Source records:
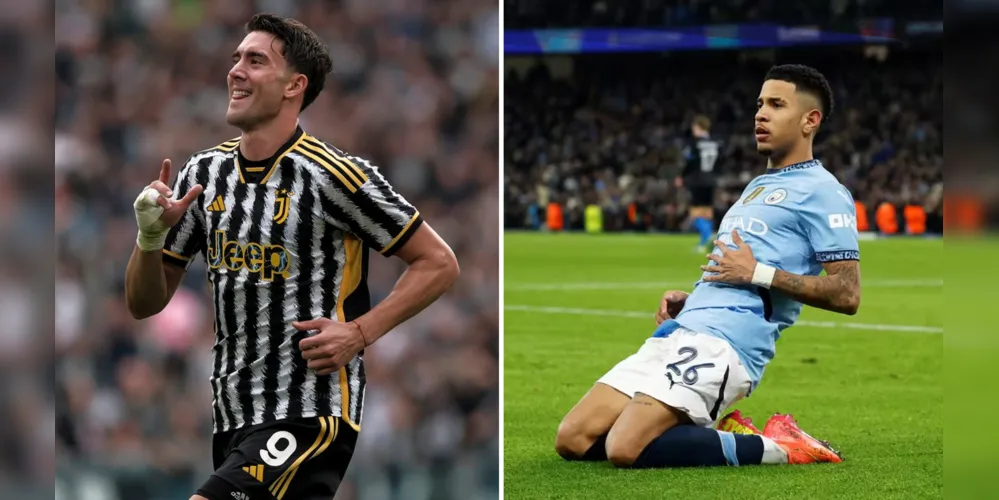 Vlahovíc e Savinho são titulares na partida de hoje por Juventus e City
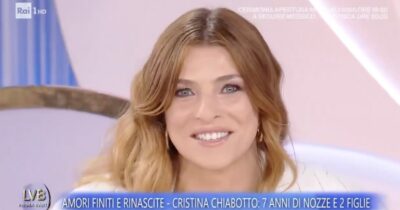 Copertina di “Sono stata tradita. Non l’ho mai scoperto, ma l’ho sempre saputo. Arrivo a sopportare tanto e poi, a un certo punto, non torno più”: lo rivela Cristina Chiabotto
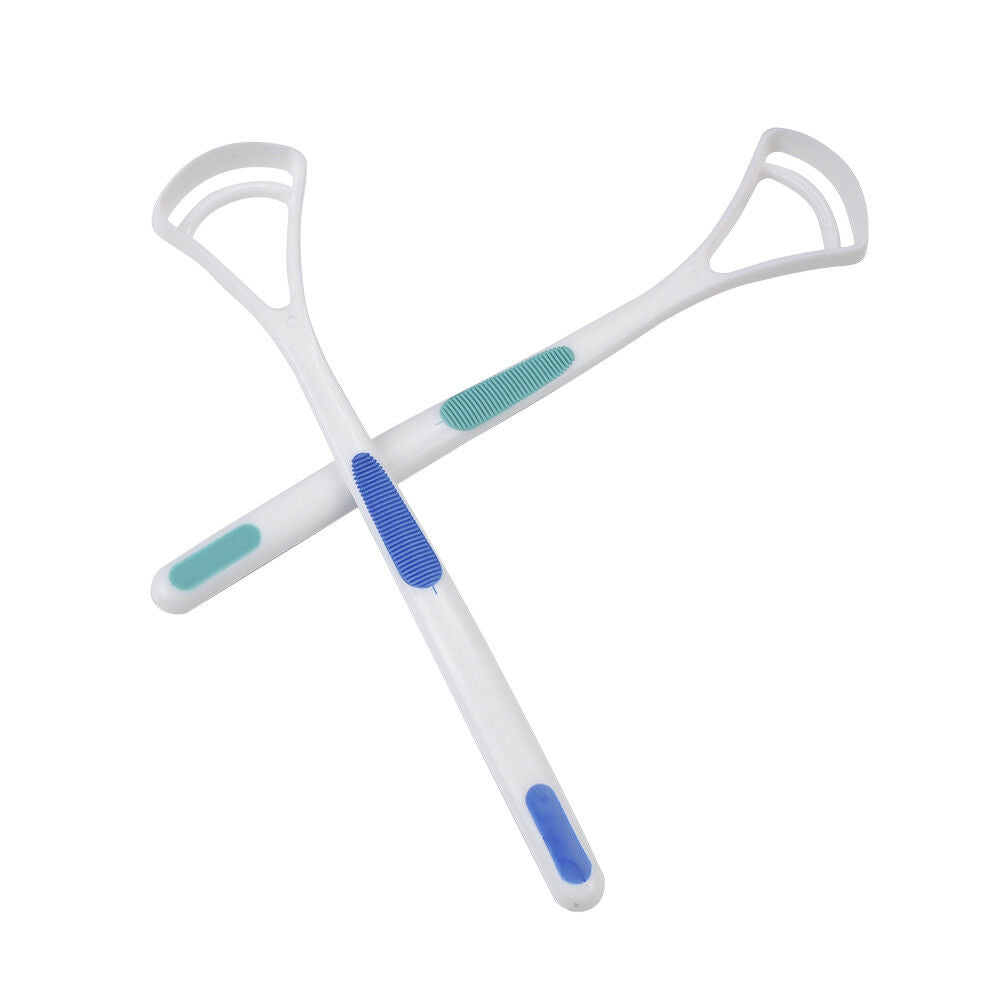 2Pcs Soft Tongue Cleaner Scraper Dental Mouth Oral Clean Heath Care Brush Tool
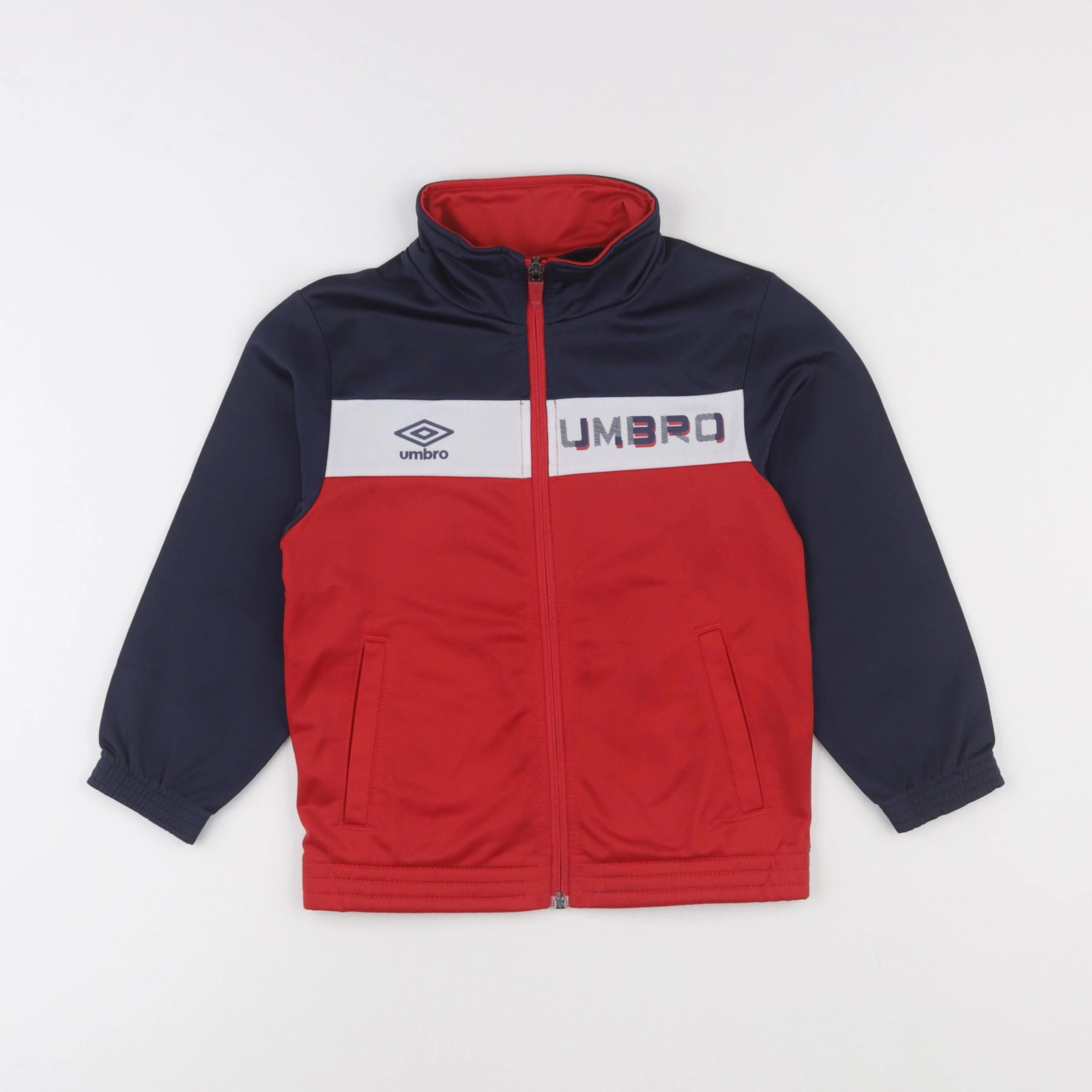 Umbro - sweat rouge - 5/6 ans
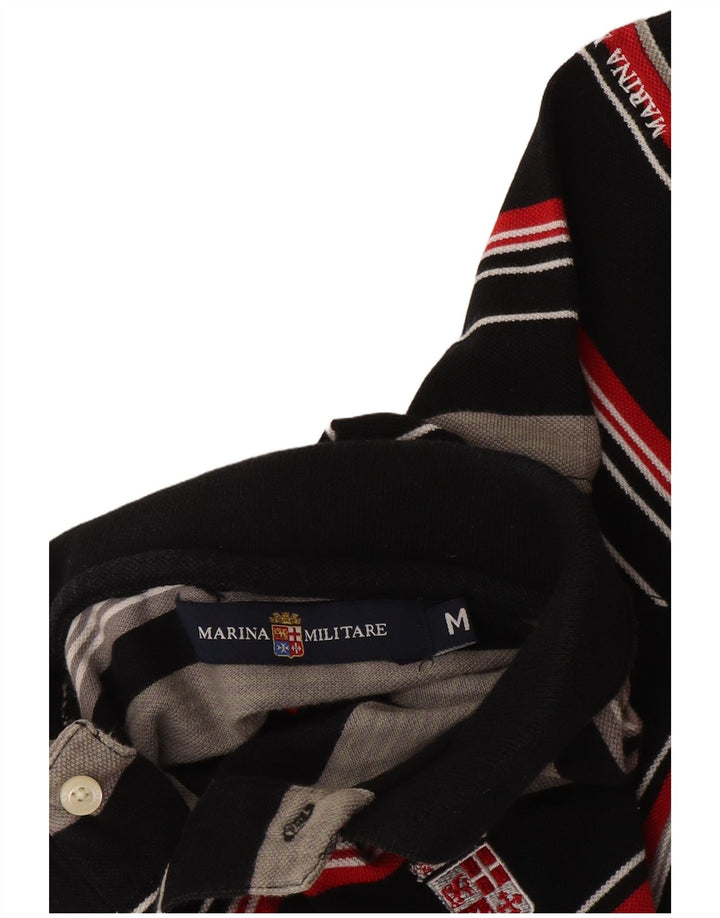 Marina Militare Mens Polo Shirt Medium Multicoloured Striped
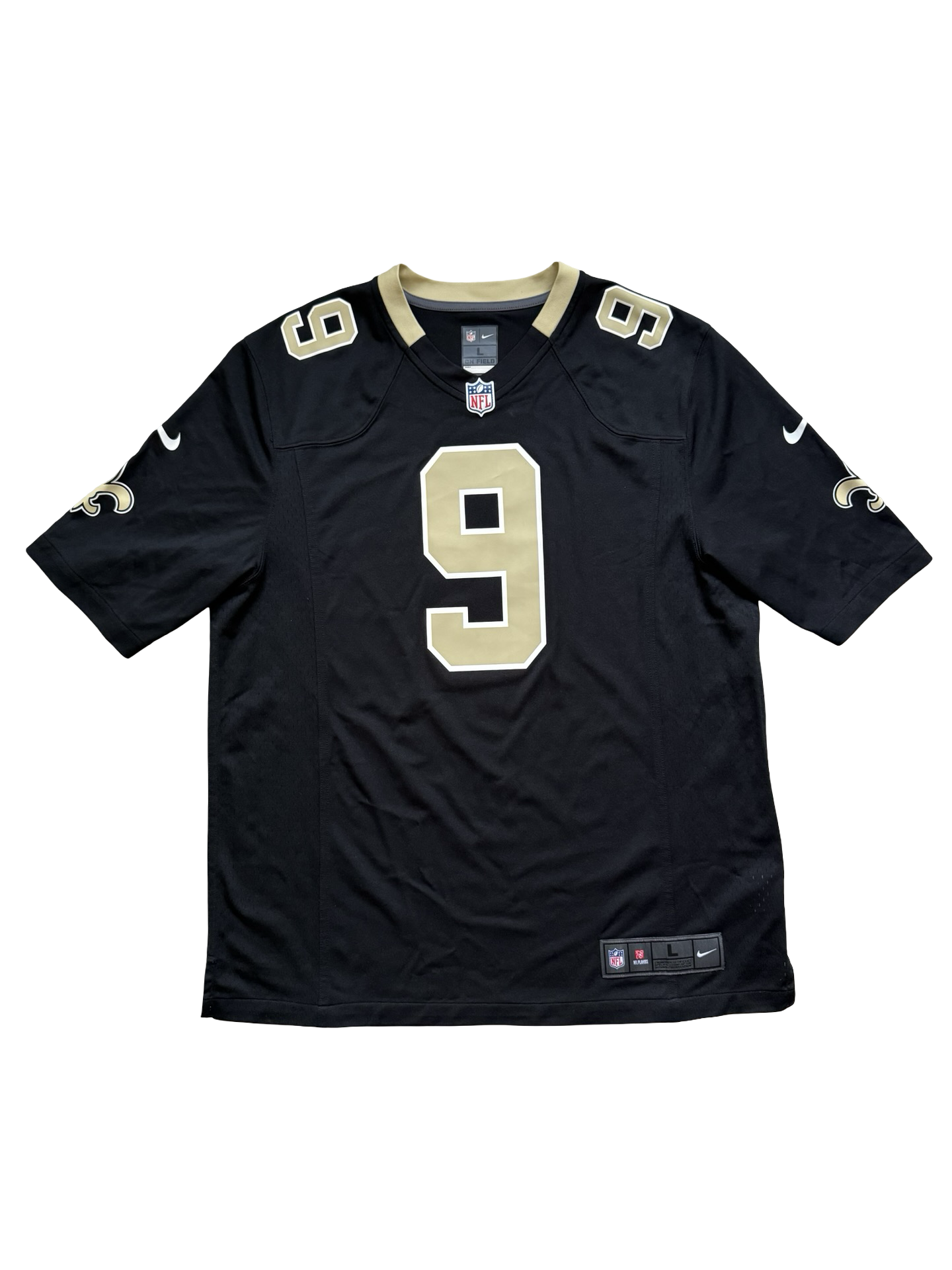 NFL Drew Bree’s 9 New Orleans Saints Nike Football Jersey Size L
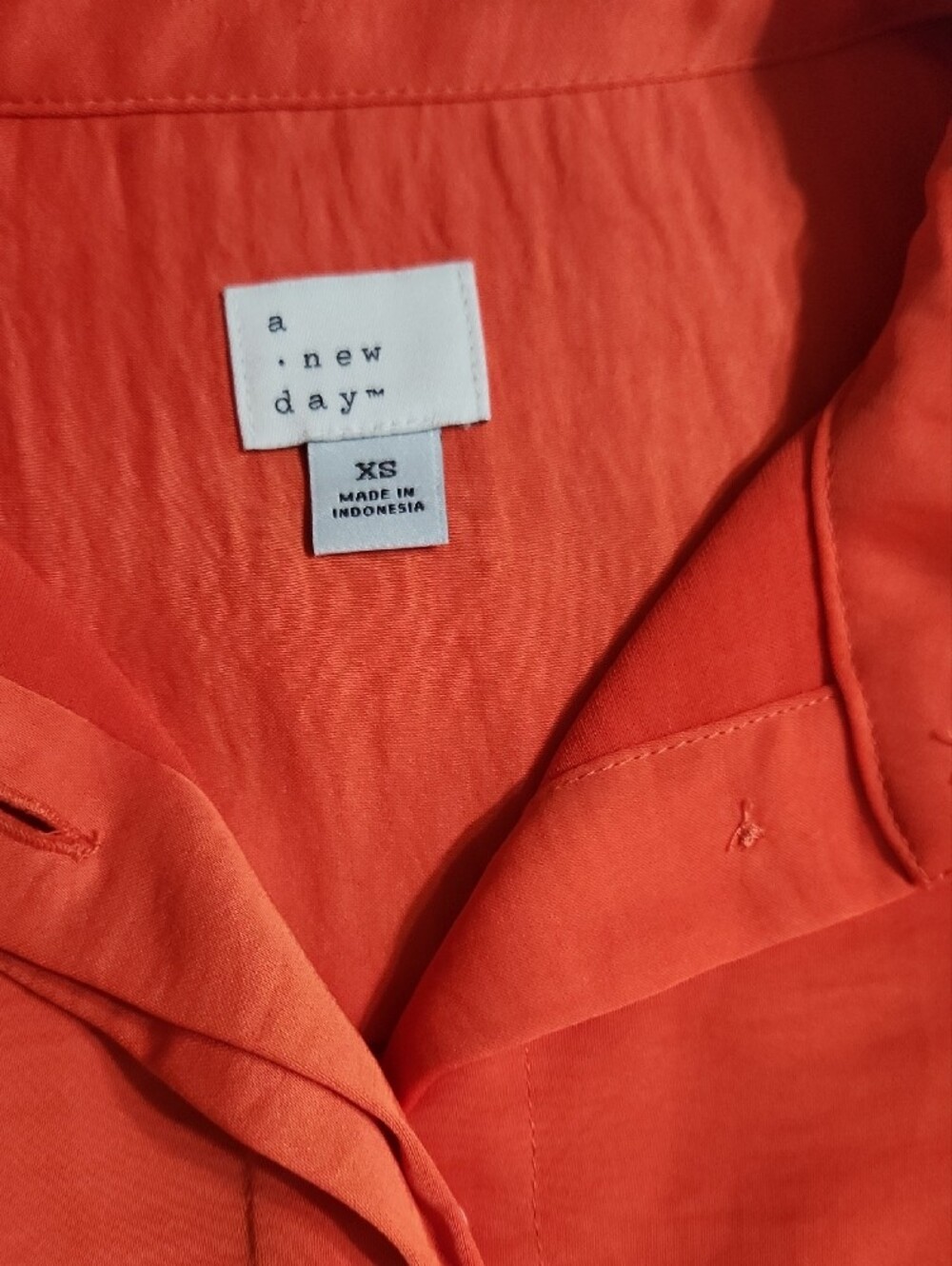 a new day Orange Women's Button-Down Blouse - Picture 5 of 7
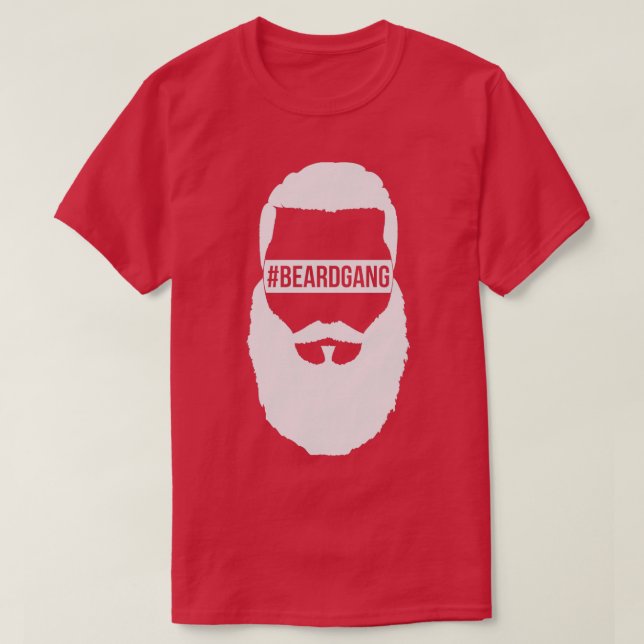 Camiseta Porta de Cheio BeardGang White Classic TSirt (Frente do Design)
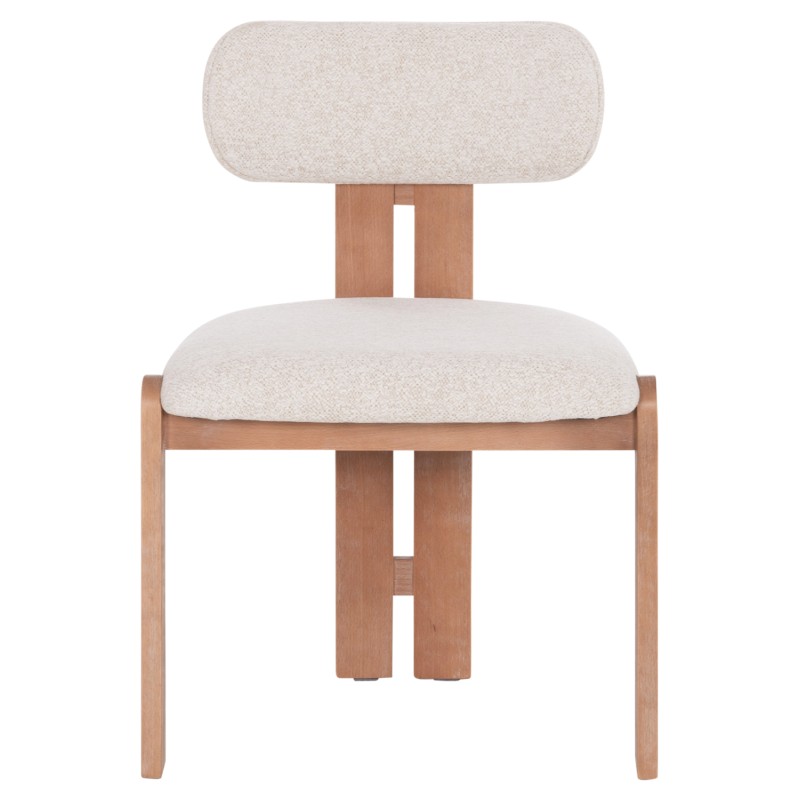 ΚΑΡΕΚΛΑ ΤΡΑΠΕΖΑΡΙΑΣ KARVO HM18252.01 ΜΠΕΖ ΥΦΑΣΜΑ--ΞΥΛΟ ΟΞΙΑΣ 57x50x79Υεκ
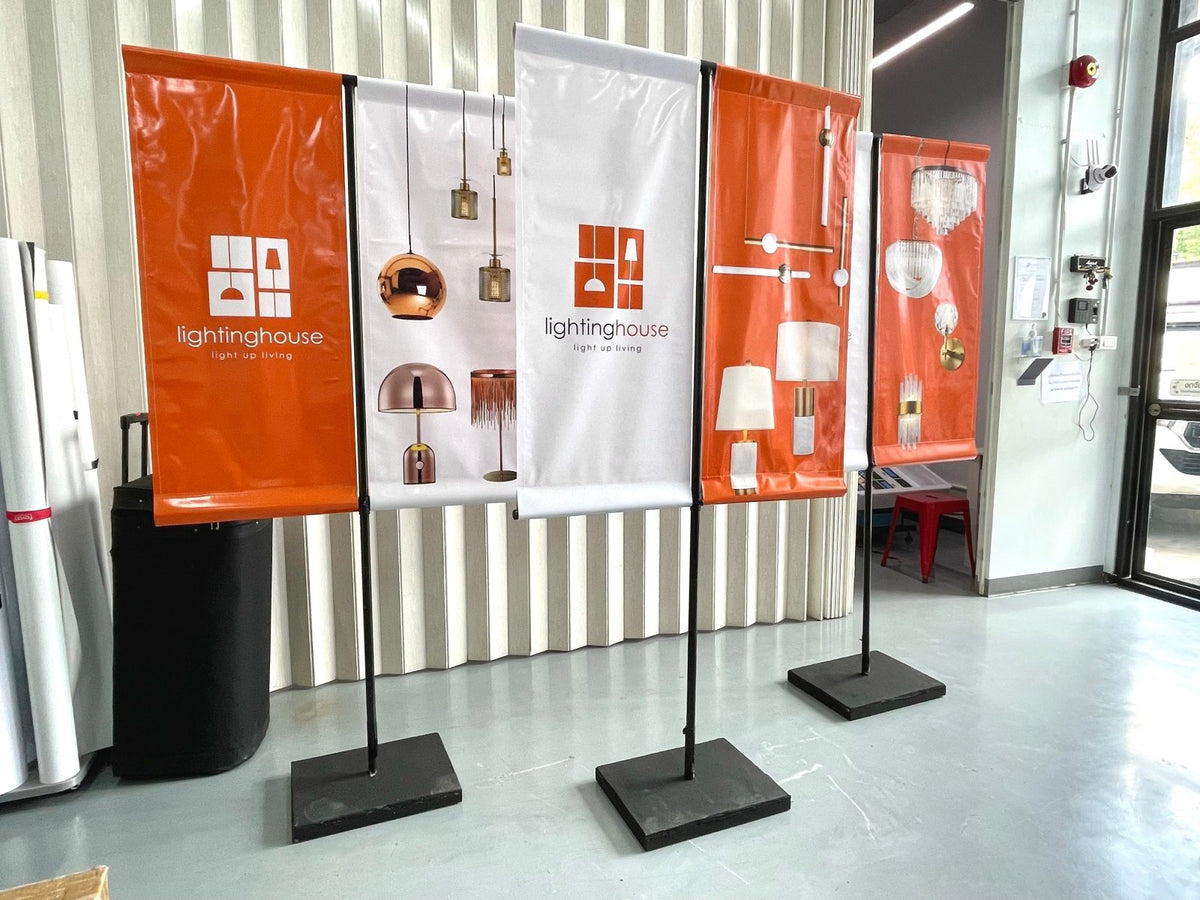 ป้ายธงญี่ปุ่น J Flag ราคาถูก ป้ายตั้งหน้าร้าน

Exercise details: Beginning with the line that contains "ΚΑΡΕΚΛΑ ΤΡΑΠΕΖΑΡΙΑΣ KARVO", write out every line through the last one in the records, exactly and without pictures.

Your solution:
 ΚΑΡΕΚΛΑ ΤΡΑΠΕΖΑΡΙΑΣ KARVO HM18252.01 ΜΠΕΖ ΥΦΑΣΜΑ--ΞΥΛΟ ΟΞΙΑΣ 57x50x79Υεκ
 ป้ายธงญี่ปุ่น J Flag ราคาถูก ป้ายตั้งหน้าร้าน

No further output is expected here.